Adına, ister çözüm ister barış, ister başka bir şey densin, Bahçeli’nin başlattığı, Öcalan’ın olumlu yanıt verdiği açılım hamlesinin gittiği istikamet ana budur.
Ama…
Evet, bu işin bir de “ama”sı var…
Şimdi zamansal bir sıçrama yapalım…
Bir an için varsayalım ki, Kürt örgütü silahı bıraktı ve Kürt hareketi tümüyle siyasete evrildi ve taleplerini siyaset yoluyla dile getirmeyi benimsedi.
Bu, iki “şey” ima edecektir.
Bir.

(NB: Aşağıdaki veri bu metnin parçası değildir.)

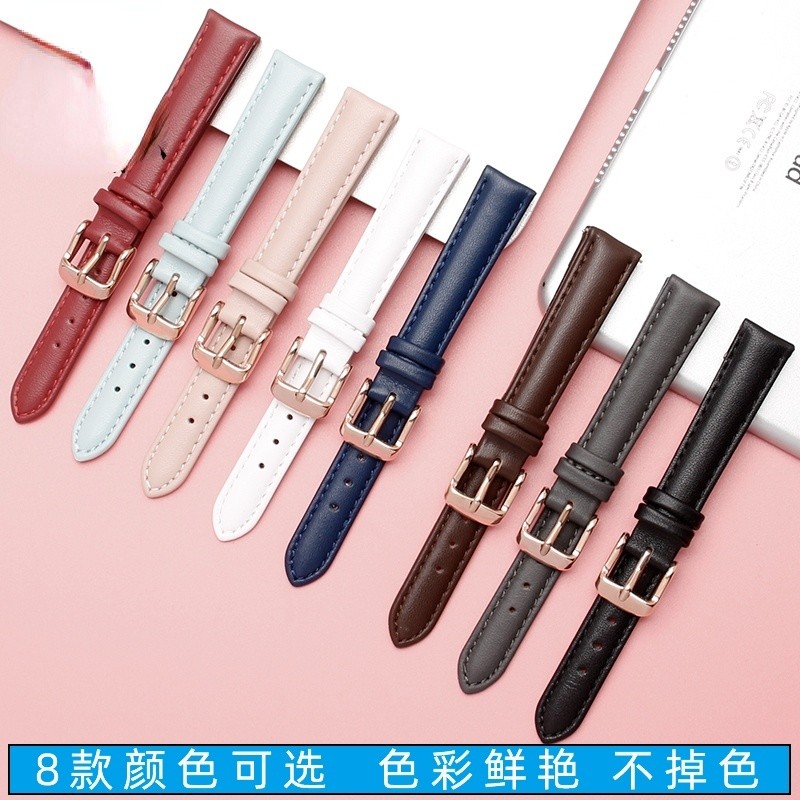 المرأة جلد طبيعي WatchBands ل كاسيو الأحفوري حزام (استيك) ساعة فولي فولي الأولى طبقة جلدية حزام ساعة اليد 12 مللي متر 14 مللي متر 16 مللي متر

Silah sorunu ile Kürt sorununun aynı ve tek “şey” olmadığını; diğer bir ifadeyle Kürt meselesinin varlığını sürdürdüğünü…
İki. En azından şiddet eğilimlerinin tekrar baş göstermemesi, Kürtlerin taleplerini dile getirebilmeleri ve bu istikamette örgütlenebilmeleri için “demokratik siyaset” ortamının varlığını…
Silah bırakma ilk hususun kabulünü, ikinci hususun ise hayat bulmasını birlikte getirir mi?
Umut budur, ama yanıt bir çırpıda, ne yazık ki “evet” olamıyor…
Nitekim ülkenin başka bir cephesinde olan biten ortada…
Resmi siyasetin taşıyıcısı haline gelen yargı üzerinden baskı iklimi her geçen gün artıyor.
Bu artışın üç yönü var. 1. Muhalefeti boğmak. 2. Eleştiriyi kısmak, 3. Kürt talepleri tartışması ve temsilini kriminalize etmek.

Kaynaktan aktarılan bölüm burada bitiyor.